Treece tried in vain for months to get authorities to take action, but none was taken. So he finally had to hire a lawyer himself and take his own client to court.

"And if I know this money is going to criminals, I'm not going to facilitate it," he said.

Once the scammers knew they had her, they actually came to the victim's house in a tidy Broward neighborhood, according to court testimony, posing as lawyers for the Jamaican attorney general trying to devise a bigger payment plan for her. They called her neighbors, say court documents. They even posed as FBI agents trying to charge her to get her own money back.

So entwined was the woman with her scammers that phone records show she called Jamaica and the U.K. 163 times in one month alone. From one minute calls up to 85 minute calls. Her phone bill for that month: $536.18.

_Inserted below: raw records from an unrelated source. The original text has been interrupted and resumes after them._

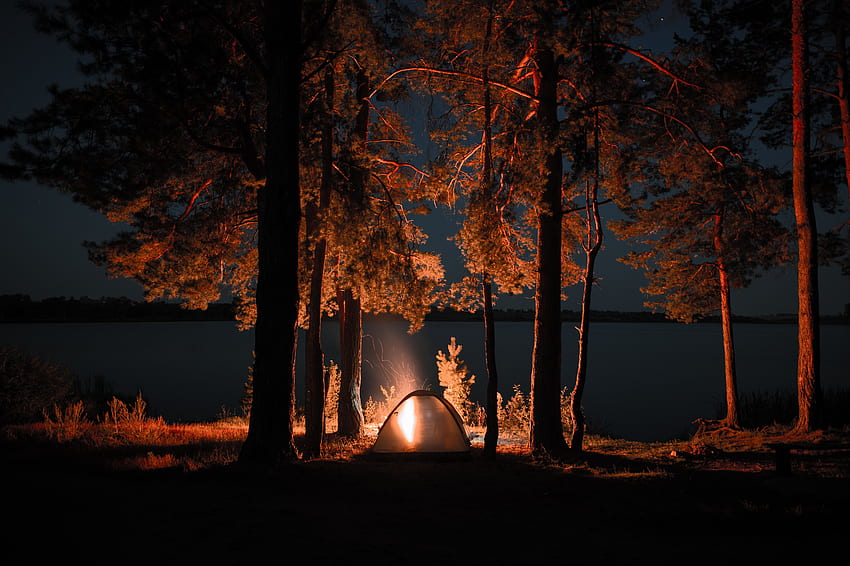 自然, たき火, 夜, 暗い, テント, キャンプ, キャンプ場 高画質の壁紙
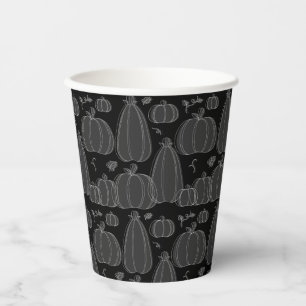 Gobelets En Papier Motif Citrouille d'automne moderne en noir et blan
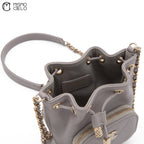 Leather Drawstring Grey Bucket Pouch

So NBC Miami called the scammer's number in Jamaica, and the woman who answered admitted to knowing the victim and wanting her money. She said the scammers stole her phone number, and she's getting calls from many scam victims, who she's more than happy to relieve of their cash.

"If I had a way to take (her) 35 thousand, 45 thousand, 25 thousand, honestly to God, I would take it. Honestly, I would," the woman said when contacted Wednesday. "I'm not connected to those friends. I don’t know those friends. But you don’t tell me that it's hard to believe. I'm telling you something, if I knew how to get her money, I would take it.

"If she calls me anymore and tells me that she has any more money, I am going to take it."

The woman also claimed the scammers are threatening her for taking back her phone number and effectively shutting them down.

Guilty or innocent, she said she's unafraid to talk to American authorities, if they call.

The victim's money was going fast but, now that the bogus payments have stopped, Treece said she still has enough for retirement.